▶ _Provided entries_:
____________________

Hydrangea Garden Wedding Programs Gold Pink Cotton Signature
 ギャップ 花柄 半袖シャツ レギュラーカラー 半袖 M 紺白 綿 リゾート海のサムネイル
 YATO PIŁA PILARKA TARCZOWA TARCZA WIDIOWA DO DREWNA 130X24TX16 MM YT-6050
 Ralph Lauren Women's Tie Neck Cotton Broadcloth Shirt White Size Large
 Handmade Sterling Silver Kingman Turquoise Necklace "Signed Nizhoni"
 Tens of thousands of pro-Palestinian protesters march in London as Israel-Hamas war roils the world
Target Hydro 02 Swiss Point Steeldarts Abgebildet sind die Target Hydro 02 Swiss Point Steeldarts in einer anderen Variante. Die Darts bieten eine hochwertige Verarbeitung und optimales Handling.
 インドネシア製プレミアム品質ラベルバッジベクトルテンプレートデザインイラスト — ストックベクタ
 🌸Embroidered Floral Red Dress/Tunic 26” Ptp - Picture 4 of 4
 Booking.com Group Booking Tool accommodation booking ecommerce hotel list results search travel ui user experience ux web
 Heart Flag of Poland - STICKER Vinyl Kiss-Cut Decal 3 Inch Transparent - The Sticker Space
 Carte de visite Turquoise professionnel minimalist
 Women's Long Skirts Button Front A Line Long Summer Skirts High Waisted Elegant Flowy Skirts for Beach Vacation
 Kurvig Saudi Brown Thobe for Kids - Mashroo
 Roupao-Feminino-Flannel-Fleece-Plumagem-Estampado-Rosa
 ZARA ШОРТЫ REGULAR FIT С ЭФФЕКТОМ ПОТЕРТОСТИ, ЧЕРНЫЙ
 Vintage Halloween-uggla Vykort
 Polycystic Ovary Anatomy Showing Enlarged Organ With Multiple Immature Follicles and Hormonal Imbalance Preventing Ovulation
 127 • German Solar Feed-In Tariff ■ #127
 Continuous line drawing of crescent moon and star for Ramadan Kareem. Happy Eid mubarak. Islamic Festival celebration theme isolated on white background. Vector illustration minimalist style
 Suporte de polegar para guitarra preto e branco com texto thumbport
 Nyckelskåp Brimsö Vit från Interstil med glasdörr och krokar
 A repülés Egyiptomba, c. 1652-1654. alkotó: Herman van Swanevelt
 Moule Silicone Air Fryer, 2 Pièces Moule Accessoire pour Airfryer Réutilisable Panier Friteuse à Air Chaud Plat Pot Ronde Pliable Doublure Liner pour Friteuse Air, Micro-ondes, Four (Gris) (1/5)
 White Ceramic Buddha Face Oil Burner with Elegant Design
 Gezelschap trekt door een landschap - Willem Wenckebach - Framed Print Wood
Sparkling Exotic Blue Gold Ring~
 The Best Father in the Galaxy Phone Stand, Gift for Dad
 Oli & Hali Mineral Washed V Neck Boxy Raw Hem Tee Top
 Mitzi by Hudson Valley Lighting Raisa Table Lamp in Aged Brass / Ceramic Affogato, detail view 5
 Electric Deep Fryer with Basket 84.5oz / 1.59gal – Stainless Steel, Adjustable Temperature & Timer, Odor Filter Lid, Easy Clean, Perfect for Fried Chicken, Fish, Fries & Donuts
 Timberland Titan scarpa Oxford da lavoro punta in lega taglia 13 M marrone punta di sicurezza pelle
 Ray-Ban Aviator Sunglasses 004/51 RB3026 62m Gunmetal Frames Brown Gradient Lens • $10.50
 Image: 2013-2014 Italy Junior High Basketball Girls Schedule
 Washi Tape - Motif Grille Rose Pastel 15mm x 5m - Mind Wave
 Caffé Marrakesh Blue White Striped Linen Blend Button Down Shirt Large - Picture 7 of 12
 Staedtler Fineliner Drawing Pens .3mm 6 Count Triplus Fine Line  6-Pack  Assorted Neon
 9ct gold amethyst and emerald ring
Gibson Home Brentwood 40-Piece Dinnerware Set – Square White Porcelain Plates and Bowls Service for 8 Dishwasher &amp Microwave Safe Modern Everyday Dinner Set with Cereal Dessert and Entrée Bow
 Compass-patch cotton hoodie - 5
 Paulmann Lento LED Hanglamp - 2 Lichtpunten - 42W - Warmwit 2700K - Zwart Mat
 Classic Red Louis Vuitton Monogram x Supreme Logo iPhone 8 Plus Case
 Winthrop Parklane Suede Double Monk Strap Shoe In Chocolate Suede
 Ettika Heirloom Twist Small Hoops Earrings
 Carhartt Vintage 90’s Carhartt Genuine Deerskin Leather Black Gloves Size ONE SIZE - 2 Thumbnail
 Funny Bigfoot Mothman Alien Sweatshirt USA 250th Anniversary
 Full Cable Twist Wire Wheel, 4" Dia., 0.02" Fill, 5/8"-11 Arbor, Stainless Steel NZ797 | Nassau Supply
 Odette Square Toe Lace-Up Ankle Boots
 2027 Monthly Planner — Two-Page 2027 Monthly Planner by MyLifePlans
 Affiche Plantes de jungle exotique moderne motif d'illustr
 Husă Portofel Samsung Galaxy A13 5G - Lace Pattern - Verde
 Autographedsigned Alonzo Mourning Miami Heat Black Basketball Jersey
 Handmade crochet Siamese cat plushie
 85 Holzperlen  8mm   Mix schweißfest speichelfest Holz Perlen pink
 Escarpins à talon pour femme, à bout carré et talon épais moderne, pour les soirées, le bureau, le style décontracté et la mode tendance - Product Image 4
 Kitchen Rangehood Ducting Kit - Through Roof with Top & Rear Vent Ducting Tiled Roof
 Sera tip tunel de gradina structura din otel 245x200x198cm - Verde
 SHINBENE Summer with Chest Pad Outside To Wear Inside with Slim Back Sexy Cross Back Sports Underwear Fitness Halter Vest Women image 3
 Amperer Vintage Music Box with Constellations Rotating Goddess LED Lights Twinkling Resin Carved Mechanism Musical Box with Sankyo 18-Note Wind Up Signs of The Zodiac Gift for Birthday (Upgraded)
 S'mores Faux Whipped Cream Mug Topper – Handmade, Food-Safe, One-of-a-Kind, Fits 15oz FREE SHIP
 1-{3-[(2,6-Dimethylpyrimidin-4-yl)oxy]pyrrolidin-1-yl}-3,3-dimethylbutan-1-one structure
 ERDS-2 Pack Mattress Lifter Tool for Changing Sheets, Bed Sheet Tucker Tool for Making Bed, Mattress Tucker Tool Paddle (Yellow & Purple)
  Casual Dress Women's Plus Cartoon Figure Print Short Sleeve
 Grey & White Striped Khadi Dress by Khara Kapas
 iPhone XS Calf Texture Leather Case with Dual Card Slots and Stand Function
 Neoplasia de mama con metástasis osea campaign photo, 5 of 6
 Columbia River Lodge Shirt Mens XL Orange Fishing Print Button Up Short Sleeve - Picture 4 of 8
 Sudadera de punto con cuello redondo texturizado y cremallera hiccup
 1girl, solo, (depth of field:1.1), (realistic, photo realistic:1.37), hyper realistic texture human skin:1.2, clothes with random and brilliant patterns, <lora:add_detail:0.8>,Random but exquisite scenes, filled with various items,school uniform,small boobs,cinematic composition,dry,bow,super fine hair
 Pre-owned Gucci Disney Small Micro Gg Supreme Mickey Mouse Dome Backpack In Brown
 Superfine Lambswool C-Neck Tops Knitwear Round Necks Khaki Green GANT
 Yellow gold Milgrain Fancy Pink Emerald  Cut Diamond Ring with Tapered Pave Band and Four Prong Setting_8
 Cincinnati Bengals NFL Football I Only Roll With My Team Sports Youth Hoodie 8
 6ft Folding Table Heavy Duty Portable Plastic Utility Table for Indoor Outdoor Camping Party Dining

____________________

▶ _Work order_: If a line falls between the first line of the data above and the line holding "127 • German Solar Feed-In Tariff ■ #127", inclusive, retype it exactly; retype no other line.

▶ _Exercise solution_:
Hydrangea Garden Wedding Programs Gold Pink Cotton Signature
 ギャップ 花柄 半袖シャツ レギュラーカラー 半袖 M 紺白 綿 リゾート海のサムネイル
 YATO PIŁA PILARKA TARCZOWA TARCZA WIDIOWA DO DREWNA 130X24TX16 MM YT-6050
 Ralph Lauren Women's Tie Neck Cotton Broadcloth Shirt White Size Large
 Handmade Sterling Silver Kingman Turquoise Necklace "Signed Nizhoni"
 Tens of thousands of pro-Palestinian protesters march in London as Israel-Hamas war roils the world
Target Hydro 02 Swiss Point Steeldarts Abgebildet sind die Target Hydro 02 Swiss Point Steeldarts in einer anderen Variante. Die Darts bieten eine hochwertige Verarbeitung und optimales Handling.
 インドネシア製プレミアム品質ラベルバッジベクトルテンプレートデザインイラスト — ストックベクタ
 🌸Embroidered Floral Red Dress/Tunic 26” Ptp - Picture 4 of 4
 Booking.com Group Booking Tool accommodation booking ecommerce hotel list results search travel ui user experience ux web
 Heart Flag of Poland - STICKER Vinyl Kiss-Cut Decal 3 Inch Transparent - The Sticker Space
 Carte de visite Turquoise professionnel minimalist
 Women's Long Skirts Button Front A Line Long Summer Skirts High Waisted Elegant Flowy Skirts for Beach Vacation
 Kurvig Saudi Brown Thobe for Kids - Mashroo
 Roupao-Feminino-Flannel-Fleece-Plumagem-Estampado-Rosa
 ZARA ШОРТЫ REGULAR FIT С ЭФФЕКТОМ ПОТЕРТОСТИ, ЧЕРНЫЙ
 Vintage Halloween-uggla Vykort
 Polycystic Ovary Anatomy Showing Enlarged Organ With Multiple Immature Follicles and Hormonal Imbalance Preventing Ovulation
 127 • German Solar Feed-In Tariff ■ #127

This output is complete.